L'été, pendant que Yohann et son père, Georges, s'occupent des animaux et de l'entretien de l'alpage, Cédric et Olivier, le salarié, font les foins dans la vallée. Si tout va bien, les fenaisons se succèdent du 25 mai au 15 août. « Avec le climat séchant qu'on a, souligne Cédric, les opérations s'enchaînent généralement très vite : on coupe et on ramasse le lendemain avec un séchage en grange en deux jours. Sur les 20 ha irrigués, nous réalisons jusqu'à trois coupes. La dernière se fait mi-septembre. » Sitôt fauchée, l'herbe est arrosée et fertilisée avec du lisier. « Ici, l'irrigation est indispensable. Nos terrains sont sur des graviers. Un réseau collectif a été aménagé à partir d'un captage de source. Autrefois, l'arrosage était assuré par un réseau de petits canaux, comme dans de nombreuses régions montagneuses du monde. Sur les 15 ha de fauche non irrigués, nous faisons une bonne première coupe. La seconde est moyenne. » Chaque année, 480 t de foin, dont 300 t de vrac pour les vaches et le reste en balles rondes, sont récoltées. Suffisamment pour nourrir les vaches et une partie des génisses.

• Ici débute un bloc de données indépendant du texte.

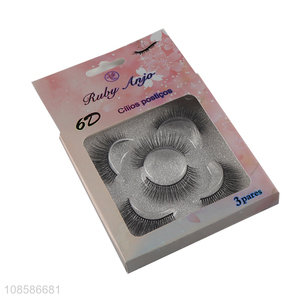 Best quality 3 pairs 6D cruelty-free false eyelash fake eyelash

Installés respectivement en 1999 et 2002, Cédric et Yohann estiment qu'ils ont atteint leurs objectifs. « La structure est bien en place. Nous sommes autonomes en fourrage et nous arrivons à bien faire ce qu'il faut. Comme beaucoup d'éleveurs du secteur, nous courrons beaucoup, mais pas pour rien : nous avons du résultat et des satisfactions. En quantité de lait produit et nombre de vaches, nous sommes au maximum. Nous n'irons pas au-delà. Notre objectif est de maintenir notre référence beaufort (480 000 litres) et de rester en cohérence avec le cahier des charges. »
JUSQU'EN 2006, 240 000 L DE QUOTA SEULEMENT
Un tel parcours n'était pas gagné d'avance. « Nous nous sommes installés sur une exploitation qui avait beaucoup investi, mais ne dégageait pas de résultat, faute d'avoir des droits à produire suffisants », commentent les deux cousins.
Jusqu'en 2006, les trois associés du Gaec ne disposaient que de 240 000 litres de quota. Pour améliorer son revenu et réduire les pénalités à payer pour dépassement (jusqu'à 10 000 € par an), l'exploitation a développé un atelier de fabrication de tommes fermières (50 000 litres transformées chaque hiver). Du quota vente directe avait pu être récupéré.
Depuis cinq ans, les choses ont bien évolué : avec le développement de la coopérative laitière et fromagère de Haute Tarentaise, des volumes supplémentaires ont été attribués à l'exploitation.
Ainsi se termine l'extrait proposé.